JAKARTA, Mantan Menteri Pertanian (Mentan) Syahrul Yasin Limpo (SYL) mengaku tidak mengetahui adanya sharing atau patungan para pejabat di Direktorat yang ada di Kementerian Pertanian (Kementan). Hal ini disampaikan SYL saat diberikan kesempatan menanggapi keterangan sejumlah pejabat Kementan yang dihadirkan Jaksa Penuntut Umum (JPU) Komisi Pemberantasan Korupsi (KPK) sebagai saksi di Pengadilan Tipikor, Jakarta, Rabu (15/5/2024).

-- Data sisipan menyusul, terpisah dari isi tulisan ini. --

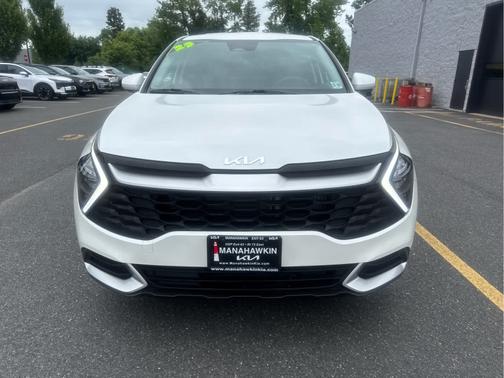2023 Kia Sportage Hybrid LX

Di hadapan Majelis Hakim, SYL menyatakan bakal menjelaskan lebih rinci bantahan atas keterangan saksi yang menyebutkan adanya patungan untuk kepentingan dirinya dalam nota pembelaan. "Semua sharing-sharing dan seperti apa yang disampaikan, akan saya jawab dalam pembelaan saya dan saya nyatakan tidak betul, saya tidak tahu menahu," kata SYL.
Dalam sidang ini, direktorat di Kementan disebut rutin menyiapkan uang sebesar Rp 30 juta per bulan untuk memenuhi kebutuhan SYL. Hal ini diungkap Kepala Bagian (Kabag) Umum Direkrorat Jenderal (Ditjen) Tanaman Pangan Kementan Edi Eko Sasmito. Uang puluhan juta untuk SYL itu terungkap ketika Jaksa KPK menggali sharing atau patungan yang rutin disiapkan Direktorat di Kementan. "Apa itu sharing rutin?" tanya jaksa dalam sidang.
"Rutin itu misalnya, di 2022 itu waktu saya kumpulin itu per Direktorat itu per bulan Rp 30 juta," kata Edi. Ia mengatakan uang Rp 30 juta per bulan itu sengaja dikumpulkan masing-masing direktorat untuk jaga-jaga jika tiba-tiba ada permintaan dari SYL.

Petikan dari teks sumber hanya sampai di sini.